A federal appeals court in California ruled that President Trump’s travel ban can go into effect, albeit partially. They ruled the government has the authority to bar entry from those with no connections to the United State, including from the six Muslim-majority countries that are hotbeds for terrorism.
The three-judge panel in the 9th U.S. Circuit Court of Appeals ruled in favor of the Trump administration. They had requested a block on a judge’s ruling that put the band on a temporary hold. President Trump announced on September 24th new language on the ban designed to pass judicial muster.
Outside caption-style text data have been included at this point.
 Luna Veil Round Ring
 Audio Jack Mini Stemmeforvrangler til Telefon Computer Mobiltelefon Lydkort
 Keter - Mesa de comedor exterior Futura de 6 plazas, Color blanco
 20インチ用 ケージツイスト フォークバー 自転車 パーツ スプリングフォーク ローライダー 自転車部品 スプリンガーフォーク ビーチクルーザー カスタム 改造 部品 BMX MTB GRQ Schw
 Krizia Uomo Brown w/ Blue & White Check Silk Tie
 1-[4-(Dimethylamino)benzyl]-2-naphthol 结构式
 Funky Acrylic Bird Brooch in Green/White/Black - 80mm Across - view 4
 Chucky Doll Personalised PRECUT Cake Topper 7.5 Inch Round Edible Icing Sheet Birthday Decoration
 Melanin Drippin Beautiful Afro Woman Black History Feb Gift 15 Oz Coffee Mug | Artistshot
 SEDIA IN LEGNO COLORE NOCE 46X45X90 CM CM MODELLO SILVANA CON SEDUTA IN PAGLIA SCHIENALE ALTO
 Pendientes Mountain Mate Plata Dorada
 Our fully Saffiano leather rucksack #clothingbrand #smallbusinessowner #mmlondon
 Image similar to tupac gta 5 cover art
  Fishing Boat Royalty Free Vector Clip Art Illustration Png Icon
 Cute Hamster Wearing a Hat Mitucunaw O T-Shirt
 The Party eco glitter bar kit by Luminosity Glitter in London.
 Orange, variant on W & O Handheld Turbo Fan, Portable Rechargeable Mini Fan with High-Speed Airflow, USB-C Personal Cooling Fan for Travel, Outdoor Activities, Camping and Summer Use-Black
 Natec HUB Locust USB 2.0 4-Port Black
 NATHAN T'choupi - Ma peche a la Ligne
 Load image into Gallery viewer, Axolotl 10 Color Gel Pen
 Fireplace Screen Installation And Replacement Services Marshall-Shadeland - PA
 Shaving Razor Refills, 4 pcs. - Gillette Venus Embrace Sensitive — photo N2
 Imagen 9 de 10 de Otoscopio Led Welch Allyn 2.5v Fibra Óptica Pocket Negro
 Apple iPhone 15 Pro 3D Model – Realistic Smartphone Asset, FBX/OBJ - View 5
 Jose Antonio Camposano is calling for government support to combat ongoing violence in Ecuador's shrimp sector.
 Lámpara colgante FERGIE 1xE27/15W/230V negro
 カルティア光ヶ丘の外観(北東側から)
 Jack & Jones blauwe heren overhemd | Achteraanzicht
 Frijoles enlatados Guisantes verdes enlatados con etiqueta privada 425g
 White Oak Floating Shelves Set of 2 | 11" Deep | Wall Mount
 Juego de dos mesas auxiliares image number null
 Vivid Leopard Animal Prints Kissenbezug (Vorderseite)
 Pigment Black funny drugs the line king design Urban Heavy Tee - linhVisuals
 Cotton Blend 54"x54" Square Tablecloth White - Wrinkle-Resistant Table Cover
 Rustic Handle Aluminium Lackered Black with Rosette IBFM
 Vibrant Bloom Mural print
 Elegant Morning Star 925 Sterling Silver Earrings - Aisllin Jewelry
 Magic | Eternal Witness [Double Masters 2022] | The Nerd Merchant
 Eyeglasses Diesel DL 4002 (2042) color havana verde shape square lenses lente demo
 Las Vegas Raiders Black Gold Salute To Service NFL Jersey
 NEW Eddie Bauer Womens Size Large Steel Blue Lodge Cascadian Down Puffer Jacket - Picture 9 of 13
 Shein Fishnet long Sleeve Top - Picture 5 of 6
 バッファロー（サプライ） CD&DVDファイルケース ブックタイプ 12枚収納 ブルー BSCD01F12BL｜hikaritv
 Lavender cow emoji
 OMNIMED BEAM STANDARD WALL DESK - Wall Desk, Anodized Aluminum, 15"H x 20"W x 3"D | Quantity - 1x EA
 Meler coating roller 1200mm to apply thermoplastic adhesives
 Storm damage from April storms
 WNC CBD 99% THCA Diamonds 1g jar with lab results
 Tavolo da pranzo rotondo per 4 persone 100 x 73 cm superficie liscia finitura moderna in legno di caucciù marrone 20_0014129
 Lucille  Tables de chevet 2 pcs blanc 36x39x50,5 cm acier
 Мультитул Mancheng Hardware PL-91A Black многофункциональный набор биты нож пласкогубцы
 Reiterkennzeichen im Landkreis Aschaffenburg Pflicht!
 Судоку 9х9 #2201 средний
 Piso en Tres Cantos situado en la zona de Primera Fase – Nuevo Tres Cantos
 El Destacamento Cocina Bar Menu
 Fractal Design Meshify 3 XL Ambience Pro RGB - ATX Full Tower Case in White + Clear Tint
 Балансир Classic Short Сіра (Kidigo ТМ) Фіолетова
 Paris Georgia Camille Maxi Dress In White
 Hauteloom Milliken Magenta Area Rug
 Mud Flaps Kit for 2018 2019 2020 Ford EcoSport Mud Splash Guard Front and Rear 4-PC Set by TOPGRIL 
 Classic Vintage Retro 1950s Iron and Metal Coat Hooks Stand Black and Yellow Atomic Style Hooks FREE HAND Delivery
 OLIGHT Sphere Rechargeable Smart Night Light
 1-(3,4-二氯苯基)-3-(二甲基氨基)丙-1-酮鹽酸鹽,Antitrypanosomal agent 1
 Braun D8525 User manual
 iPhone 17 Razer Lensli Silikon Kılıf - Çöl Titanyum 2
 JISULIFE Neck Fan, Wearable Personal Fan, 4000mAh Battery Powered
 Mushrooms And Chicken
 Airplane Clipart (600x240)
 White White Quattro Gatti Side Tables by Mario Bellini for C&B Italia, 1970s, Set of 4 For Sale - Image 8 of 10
It replaced two other versions that were stopped by federal judges.
Potential immigrants and refugees from Iran, Syria, Libya, Somalia, Chad, and Yemen will not be able to enter the country without any connections to American citizens:
“Those connections are defined as family relationships and ‘formal, documented’ relationships with U.S.-based entities such as universities and resettlement agencies. Those with family relationships that would allow entry include grandparents, grandchildren, brothers-in-law, sisters-in-law, aunts, uncles, nieces, nephews and cousins of people in the United States.
“’We are reviewing the court’s order and the government will begin enforcing the travel proclamation consistent with the partial stay. We believe that the proclamation should be allowed to take effect in its entirety,’ Justice Department spokeswoman Lauren Ehrsam said.”
One of the main opponents of the ban was the state of Hawaii. They sued to block the travel ban by arguing President Trump did not have the authority to impose it according to federal immigration law. They did not include North Korea or Venezuela in their complaint.
But the battle over the ban is still ongoing, even though it would have been over if it were able to go through in the first place when the president made the order. These rulings are dragging it out longer than it was ever intended to go. Yet, the legal challenges are still underway:
“Separately on Monday, a group of refugee organizations and individuals filed a lawsuit in Seattle federal court challenging Trump’s decision to suspend entry of refugees from 11 countries, nine of which are majority Muslim, for at least 90 days.
“Trump issued his first travel ban targeting several Muslim-majority countries in January, just a week after he took office, and then issued a revised one after the first was blocked by the courts. The second one expired in September after a long court fight and was replaced with another revised version.
“Trump has said the travel ban is needed to protect the United States from terrorism by Muslim militants. As a candidate, Trump had promised ‘a total and complete shutdown of Muslims entering the United States.’”
Other cases are still in the pipeline. A parallel case in Maryland will be heard by the 4th U.S. Circuit Court of Appeals on December 8th. The American Civil Liberties Union filed the suit. The 9th Circuit Court will hear oral arguments in the case on December 6th, even though they ruled the ban could go into effect temporarily.